In the first half, the Stars appeared more comfortable playing the ball backwards. It was as though the midfielders and defenders were programmed to only kick backwards. That invited pressure from the quick Koreans and kept us on the back foot. Against the US, who pressure high up the field, it could be a dangerous tendency.

The first half performance alarmed me defensively. We were a far cry defensively from the team that ended the last World Cup. The cover from the midfield wasn’t there and the right full back position showed weakness. In the 26th minute, there was a particularly humorous moment when Rabiu Mohammed and Ayew collided. It was almost emblematic of the confusion defensively in the half.

Kwadwo Asamoah is a much better forward than defender. He didn’t attack much on the flanks but on the couple of occasions when he did his skill shone through.

This was a good test against World Cup opposition prior to the opening match. As we wait for more information on Majeed Waris’ injury, Appiah can take solace in the notion that we have adequate replacements in every position on the field.

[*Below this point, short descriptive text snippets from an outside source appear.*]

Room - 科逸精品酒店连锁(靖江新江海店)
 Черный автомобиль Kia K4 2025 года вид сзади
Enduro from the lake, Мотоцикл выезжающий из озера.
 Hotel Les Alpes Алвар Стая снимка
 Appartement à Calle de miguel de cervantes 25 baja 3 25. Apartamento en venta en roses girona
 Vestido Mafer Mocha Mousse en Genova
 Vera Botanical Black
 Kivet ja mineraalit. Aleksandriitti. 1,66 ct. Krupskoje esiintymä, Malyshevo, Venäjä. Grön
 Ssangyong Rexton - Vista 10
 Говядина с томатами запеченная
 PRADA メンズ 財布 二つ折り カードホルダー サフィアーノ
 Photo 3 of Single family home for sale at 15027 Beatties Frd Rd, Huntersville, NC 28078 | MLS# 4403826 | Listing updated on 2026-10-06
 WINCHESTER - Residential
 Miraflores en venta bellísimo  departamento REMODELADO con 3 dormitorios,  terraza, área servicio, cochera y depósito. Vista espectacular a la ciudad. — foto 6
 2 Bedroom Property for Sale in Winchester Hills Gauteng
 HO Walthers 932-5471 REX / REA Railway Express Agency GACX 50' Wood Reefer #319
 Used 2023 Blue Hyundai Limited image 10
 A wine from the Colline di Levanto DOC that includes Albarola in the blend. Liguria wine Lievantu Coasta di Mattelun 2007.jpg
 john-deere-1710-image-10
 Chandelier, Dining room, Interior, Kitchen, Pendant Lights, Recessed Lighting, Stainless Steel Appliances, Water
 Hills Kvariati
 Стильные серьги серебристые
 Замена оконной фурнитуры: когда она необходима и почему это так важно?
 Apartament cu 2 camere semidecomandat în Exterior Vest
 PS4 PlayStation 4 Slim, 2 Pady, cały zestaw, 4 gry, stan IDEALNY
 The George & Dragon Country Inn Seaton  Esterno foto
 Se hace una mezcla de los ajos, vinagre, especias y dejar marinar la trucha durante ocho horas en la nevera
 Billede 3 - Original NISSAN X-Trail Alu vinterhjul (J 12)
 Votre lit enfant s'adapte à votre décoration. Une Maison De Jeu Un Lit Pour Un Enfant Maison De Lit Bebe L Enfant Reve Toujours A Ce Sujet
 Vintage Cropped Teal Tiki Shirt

Kevin Prince Boateng's place in the squad has been secured. Now, can he deliver?

Kevin Prince Boateng’s place in the squad has been secured. Now, can he deliver?

Kwesi Appiah named his final 23-man squad for Brazil shortly after the friendly against the Dutch.The three dropped players were David Accam, Jerry Akaminko and Jeffrey Schlupp.

According to the final squad listings from all the 32 teams, Ghana’s team is the youngest in the competition with an average age of 24.9. This would be the perfect time to stifle those giggles and move on to the squad numbering of the team. Andre Dede Ayew will be wearing 10, the number his father made his. Captain Asamoah Gyan will be wearing his usual number 3. When you see the number 6, know that it is Afriyie Acquah. Get familiar as he may be spending a lot of time on the pitch. The rest of the squad numbers are here.

Sadly, Jerry Akaminko’s ankle injury during the game ruled him out of the World Cup and of the privilege of a squad number. Akaminko was sure to be on the plane if he hadn’t sustained the injury. It would have been his first World Cup and it’s always a shame to see a player robbed of the opportunity at the biggest sporting event in the World due to injury.We wish him a speedy recovery as he begins his journey to full fitness.

David Accam quickly got over the World Cup omission and scored for his club a day after being cut. Given his form, he is definitely going to get more opportunities to represent Ghana in the future.

Jeffrey Schlupp’s season is over so holiday it was for the Leicester City left back. He had a chance to prevent the lone Van Persie goal in the friendly but slipped agonizingly at the last second. I for one thought that the left back position is such a problem area that picking him even as a backup was a given. Shows you how little I know about Kwesi Appiah’s thinking.

It can’t be easy dropping players for the premier footballing tournament in the World. Hard work might pay off for Accam and Schlupp though. They are both young and a good season in the top flight of the English league will mean another year of experience against top competition. Schlupp will be knocking on the doors of the Black Stars come the Afcon 2015.